US prosecutors say conversations between one of the Venezuelan first lady’s nephews and an informant reveal the political motivations behind what has become known as the “narco nephews” case that has further inflamed tensions between the US and Venezuela.

Franqui Francisco Flores de Freitas and Efrain Antonio Campo Flores, nephews of Cilia Flores, the wife of Venezuelan president Nicolas Maduro, were arrested in November 2015 in Haiti and transferred to the US, where they are slated to face trial on charges of drug trafficking starting November 7.

A transcript of a conversation between Efrain Campo, 29, and a Drug Enforcement Administration informant that was seen by McClatchy details Campo saying “we’re at war” with the Americans, referring to the deeply contentious relationship between Washington and Caracas.

Campo also reportedly wanted the alleged deal to smuggle nearly 1,800 pounds of cocaine into the US to be concluded quickly because Cilia Flores, his aunt whom he referred to as his mother in the conversation, needed the cash for her campaign.

“We need the money,” Campo said, according to the transcript. “Why? Because the Americas are hitting us hard with money. Do you understand? The opposition … is getting an infusion of a lot of money.”

At the time of the conversation in October 2015, Maduro’s socialist government was in the midst of an unsuccessful campaign to maintain its majority in the country’s National Assembly.

Flores, a former president of the Assembly, was running for a spot as a legislator at the time, winning a seat representing the state of Cojedes in December 2015.

The conversation transcript is the first piece of evidence from the case released that shows a direct connection between Campo and Francisco Flores, 30, and Venezuelan president and his wife. US prosecutors say the conversations reveal that the defendants thought they would be supplying cash to counteract money they believed the US was supplying the opposition ahead of those legislative elections.
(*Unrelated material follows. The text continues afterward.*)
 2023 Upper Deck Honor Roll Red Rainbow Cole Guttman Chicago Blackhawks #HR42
Based on information previously released by prosecutors, Francisco Flores expected to receive $560,000 of the $5 million the deal was worth.

Campo addressed the socialist party’s efforts defeat the political opposition’s challenge to its power, saying “We put them in jail over here … We send them to jail for 15 years,” according to McClatchy.
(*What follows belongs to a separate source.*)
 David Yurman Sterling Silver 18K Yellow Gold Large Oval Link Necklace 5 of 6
It’s not clear who Campo was referring to at the time, though months prior those legislative elections a Venezuelan court sentenced Leopoldo López, a prominent opposition leader, to 14 years in prison in relation to violence during antigovernment demonstrations in early 2014 that led to the deaths of more than 40 people.

Defence lawyers called on US District Judge Paul Crotty to deny the admission of conversations that involved Venezuelan’s elections.

They called the statement “idle political chatter” and argued the “highly politicized statements” had no evidentiary value, coming when a DEA informant mentioned Cilia Flores and the elections.

After his arrest in November last year, Campo tried to downplay his earlier statements about putting money toward Cilia Flores’ campaign, telling DEA agents that, “I know I said that, but in reality it was for me.”

Those comments were part of an alleged confession, the inclusion of which Campo unsuccessfully fought.

“If those declarations are not thrown out, I’m of the opinion, 100%, that they will be convicted,” Mike Vigil, a former chief of international operations for the DEA, told Business Insider days prior to the judge’s October 12 decision to include the alleged confessions.